Starting at the line below with "Hello everyone, welcome" and stopping at the line with "Bennu is quite", please print each line exactly, those two included, and skip every picture.

Record excerpts
* * * * * * * * *

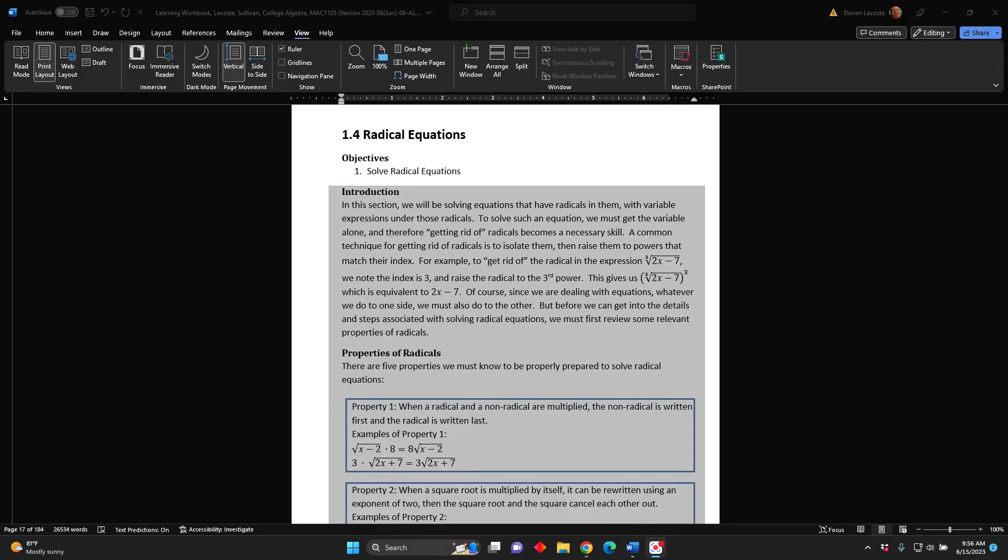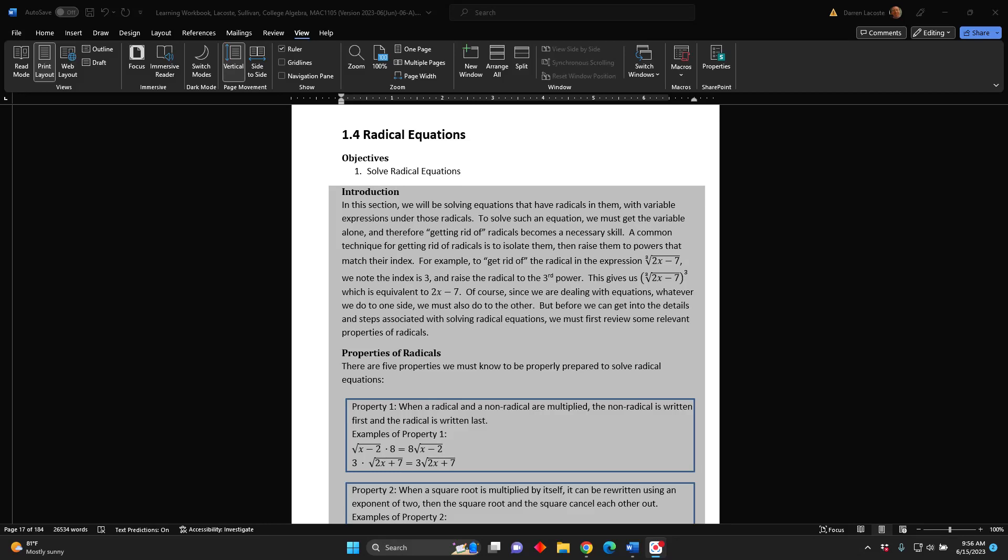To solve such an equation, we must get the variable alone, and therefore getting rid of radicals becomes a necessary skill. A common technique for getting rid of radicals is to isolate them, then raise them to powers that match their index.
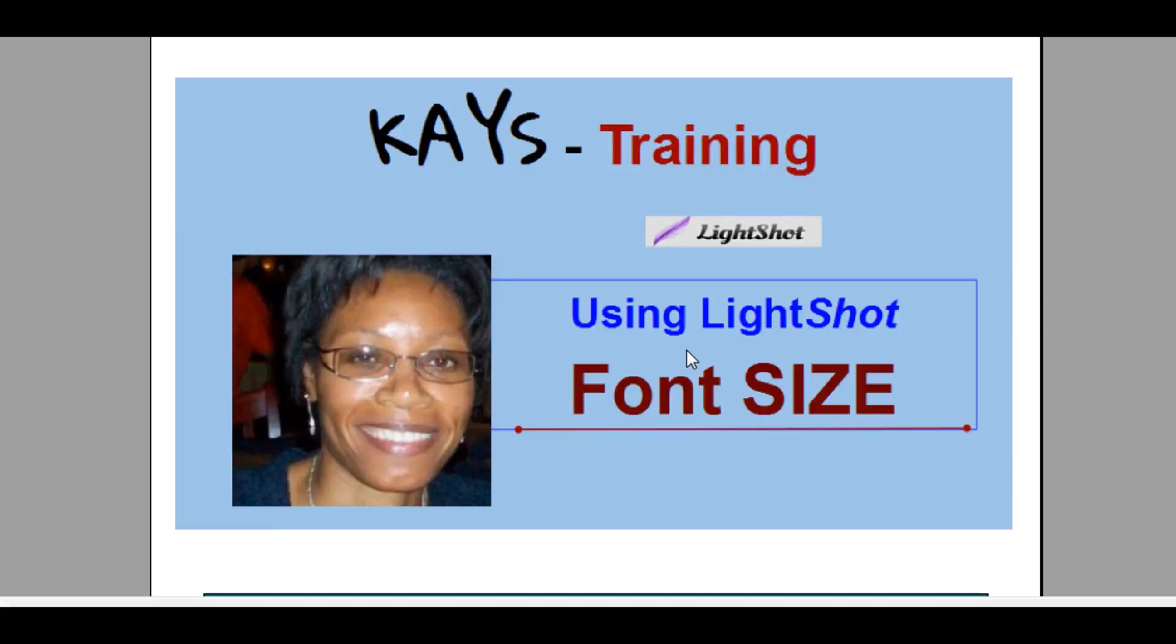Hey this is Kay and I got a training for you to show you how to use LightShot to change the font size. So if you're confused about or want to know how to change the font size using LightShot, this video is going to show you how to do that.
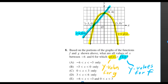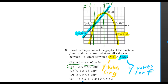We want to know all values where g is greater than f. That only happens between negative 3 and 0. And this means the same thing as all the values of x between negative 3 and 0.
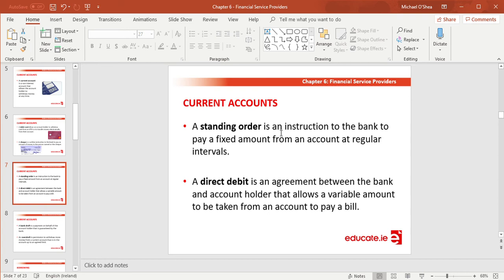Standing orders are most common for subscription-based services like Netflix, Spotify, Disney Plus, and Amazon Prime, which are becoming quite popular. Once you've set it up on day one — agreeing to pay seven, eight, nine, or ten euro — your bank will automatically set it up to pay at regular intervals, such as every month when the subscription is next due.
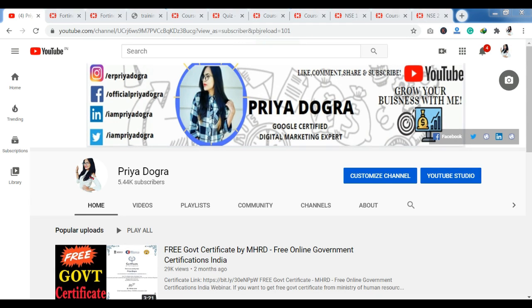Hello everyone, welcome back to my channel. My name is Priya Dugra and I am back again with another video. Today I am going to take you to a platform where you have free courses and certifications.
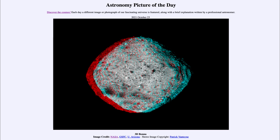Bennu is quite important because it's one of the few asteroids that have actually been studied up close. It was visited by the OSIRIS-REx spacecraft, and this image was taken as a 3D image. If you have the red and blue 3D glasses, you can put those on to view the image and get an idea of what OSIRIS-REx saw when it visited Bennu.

* * * * * * * * *

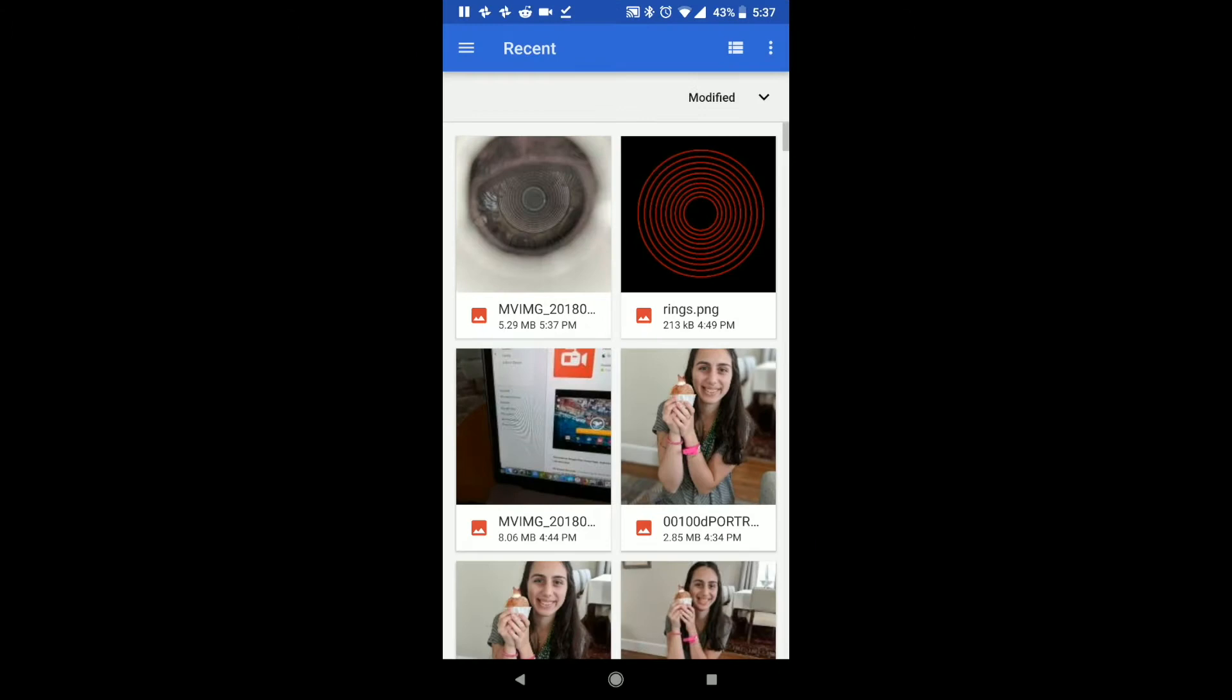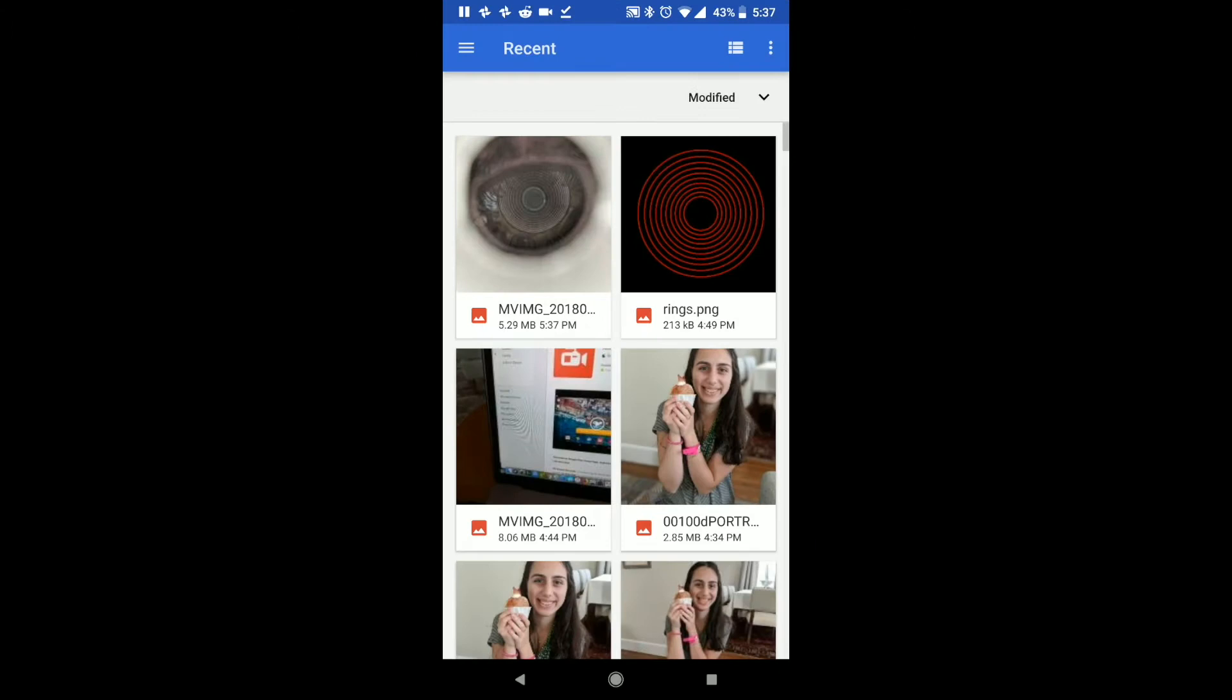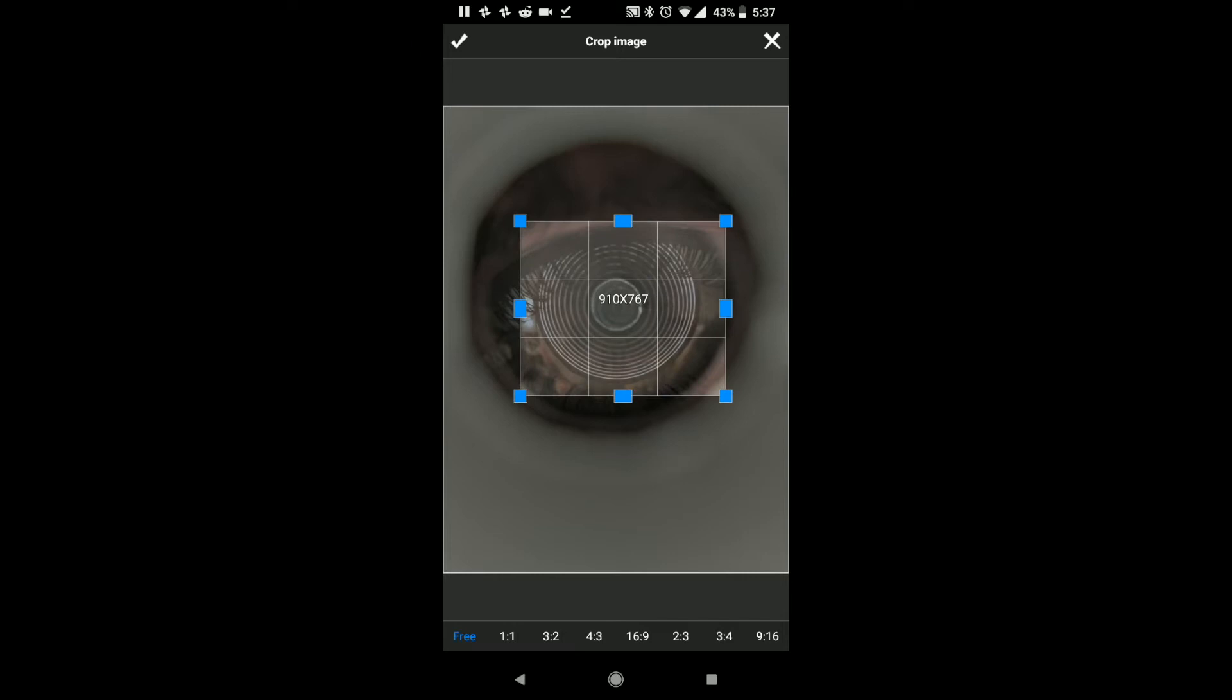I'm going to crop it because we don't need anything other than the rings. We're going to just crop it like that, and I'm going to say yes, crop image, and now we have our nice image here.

* * * * * * * * *

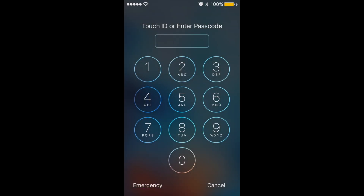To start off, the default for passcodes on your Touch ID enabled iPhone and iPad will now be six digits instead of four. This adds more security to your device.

* * * * * * * * *

Your solution
Hello everyone, welcome back to my channel. My name is Priya Dugra and I am back again with another video. Today I am going to take you to a platform where you have free courses and certifications.
Bennu is quite important because it's one of the few asteroids that have actually been studied up close. It was visited by the OSIRIS-REx spacecraft, and this image was taken as a 3D image. If you have the red and blue 3D glasses, you can put those on to view the image and get an idea of what OSIRIS-REx saw when it visited Bennu.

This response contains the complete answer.